Patterson said the money for the new teachers will come from the system’s general fund.
Rumors have swirled the past few weeks at Springdale Elementary off Northside Drive, and some parents — many who packed Thursday’s meeting — were fearful that some teachers might be cut or transferred out of the school.
The school system did consider asking the state for waivers to increase class sizes, but the state has yet to render decisions on the 20 school systems that have asked for similar waivers, Patterson said.
The state’s deadline for a system to submit a waiver request is today, but Patterson told the board she didn’t want to wait for the state and then have to come up with a plan once the state decides.
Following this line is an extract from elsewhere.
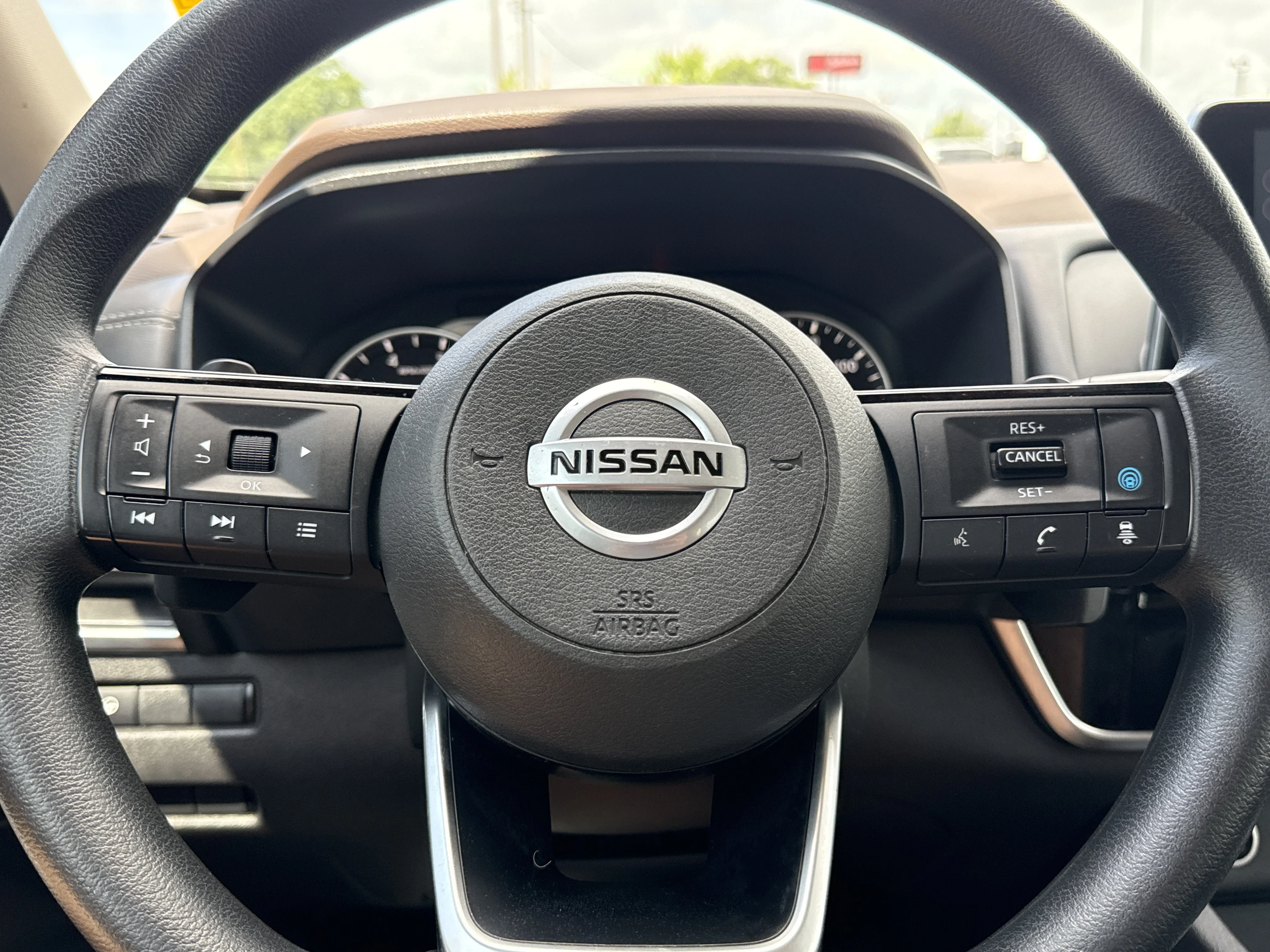 Used 2021 Brilliant Silver Metallic Nissan SV image 20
Several parents told the board they opposed class sizes getting larger.
“I don’t care if it’s by three students or two or one, I don’t want (class sizes) to increase,” said Eima Sims, whose two children attend Springdale. “There’s only so much as parents we’re going to put up with.”
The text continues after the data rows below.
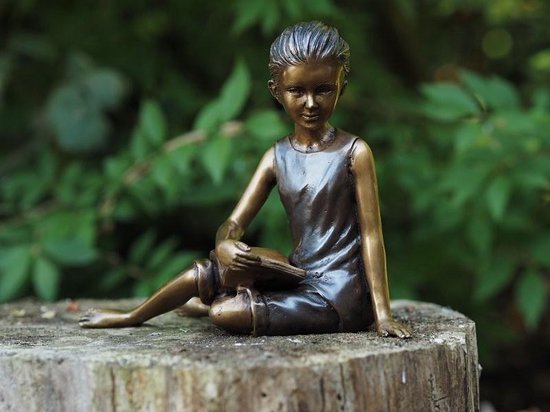 Tuinbeeld - bronzen beeld - Zittend lezend meisje - Bronzartes - 14 cm hoog
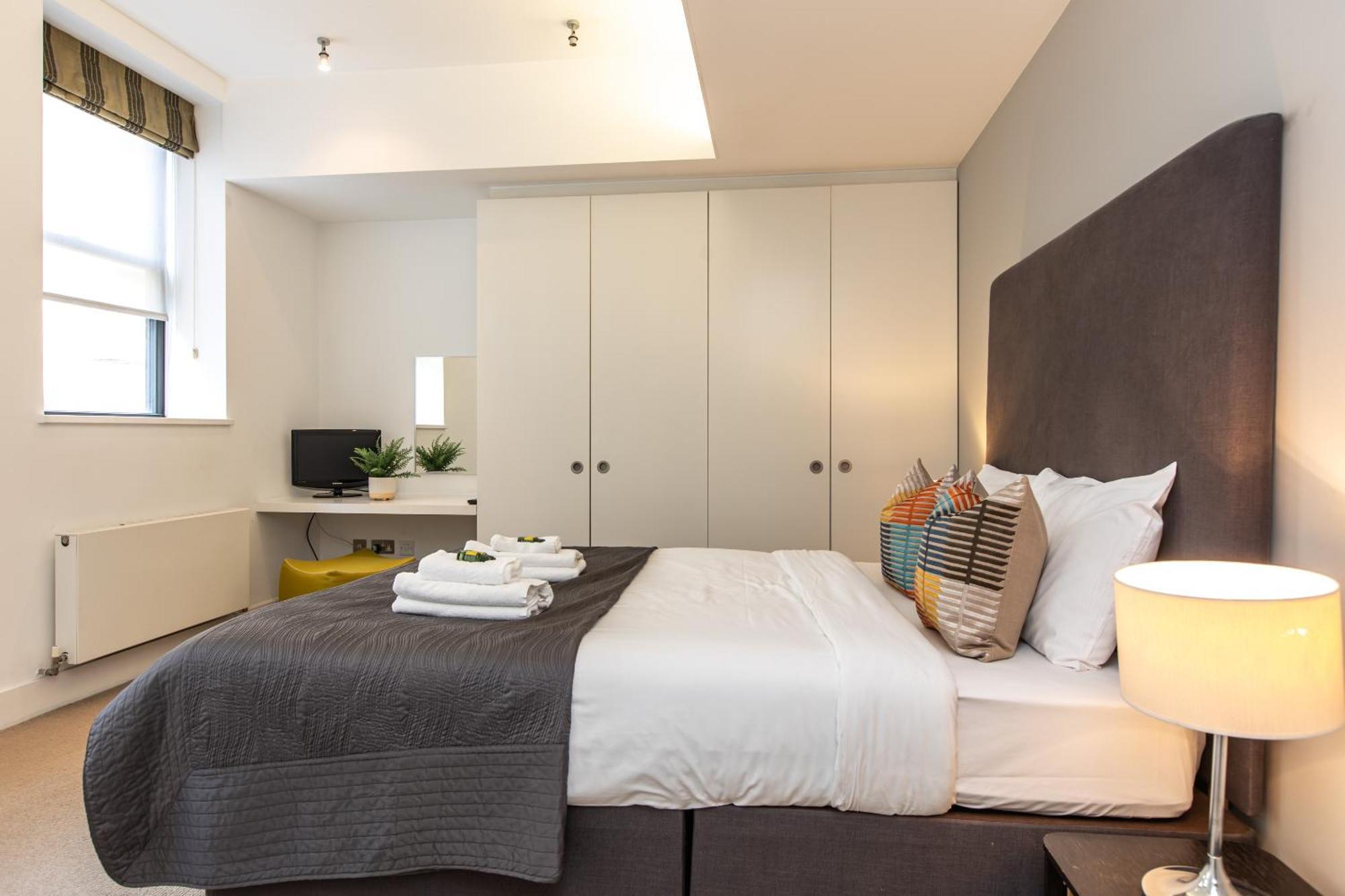 Contemporary 1br Near Monument St! Apartamento Londres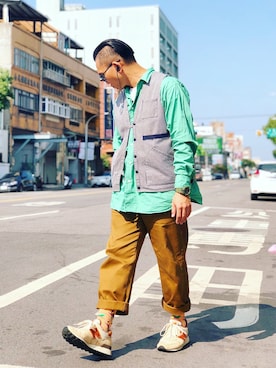 「napron（ナプロン）のアイテム（ジャケット/アウター）」を使った、Colorholic manさん（メンズ・172cm）の秋コーディネート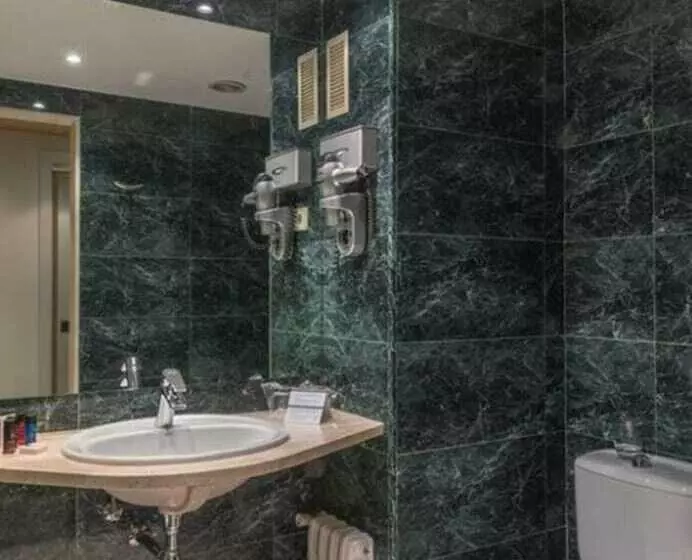 Chambre Standard, Up Rooms Vic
Jennifer Doolittle, whose four children attend three different Bibb County schools, said expanding class sizes would be in direct contrast to President Obama’s back-to-school speech Tuesday. The president encouraged students to set goals for themselves.
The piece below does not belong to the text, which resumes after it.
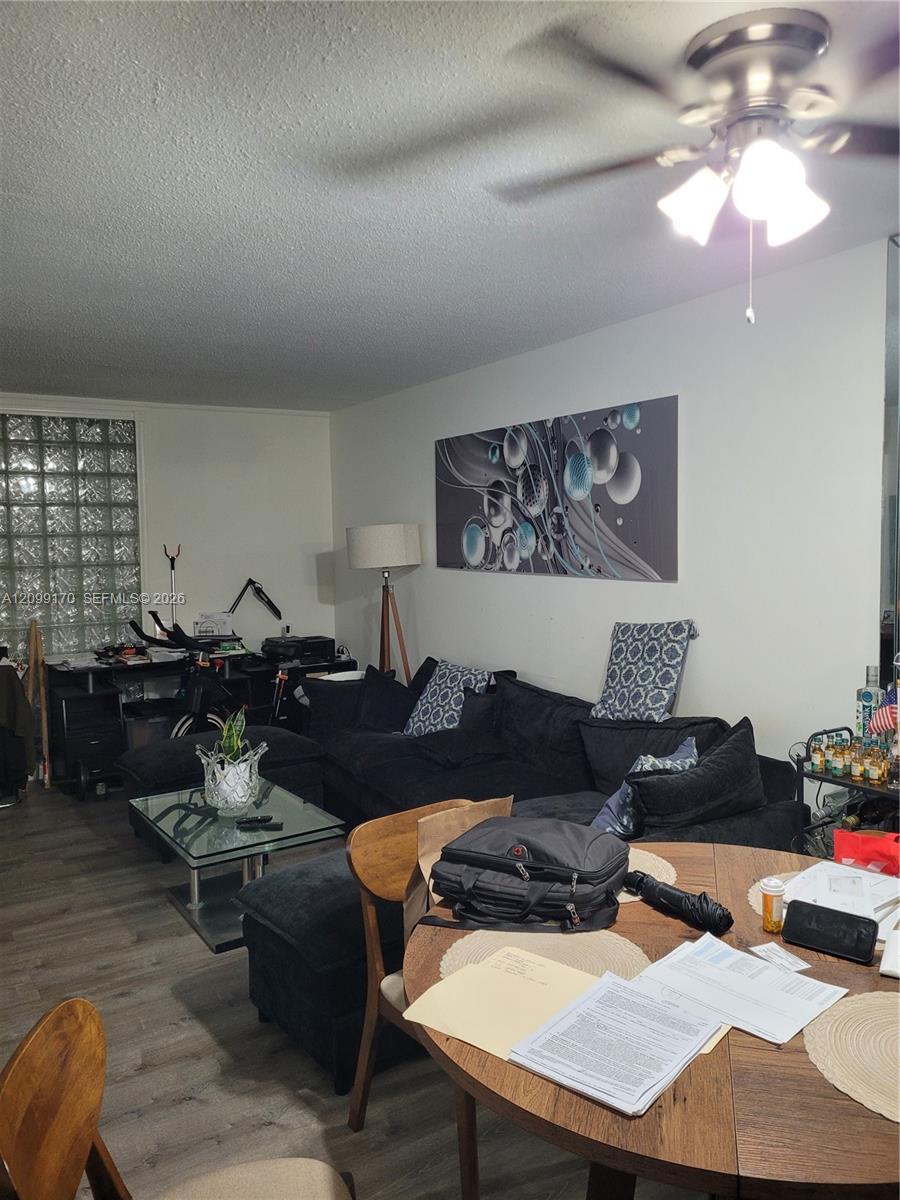 See details 615-1 2 / 2 1062 sq. ft. $ 2026-10-01 0 Photo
“The president tells them to work hard, and then they hear that they may lose teachers or make class sizes larger,” she told the board. “What message are we sending to our children?”
Some board members said the issue wouldn’t have been so contentious if the system had done a better job informing parents and board members about changes being considered.
Board members Gary Bechtel and Lynn Farmer criticized Patterson, saying they weren’t kept in the loop about Patterson’s plans, making it difficult for them to talk to concerned parents.
“I got about 150 e-mails and about as many phone calls (from parents),” Bechtel said during the meeting. “I felt like I was at a severe disadvantage as a board of education member, because I didn’t have the same information that was being distributed to parents and teachers.”
Farmer said she was in a similar situation.
“I found it very disturbing that I found all this out through parents,” she said. “I had no idea this was being discussed. ... From a communication standpoint, this was not well-handled. As a board member, it put me in an embarrassing position.”
Patterson said all of the changes the system is facing is because of factors outside of the system’s control, most notably, state budget cuts that have come as late as August. Combined with a late county tax digest, she said the system is facing “unprecedented times.”
“We’re unsure how to anticipate the future,” she said. “The landscape is changing daily. As a school system, we’re having to make changes literally on a daily basis.”
Some student enrollment numbers are still in flux, because students who are changing schools through House Bill 251 — which provides “that a public school student can attend any school in the local school system under certain conditions” — won’t be completed until today, Patterson said.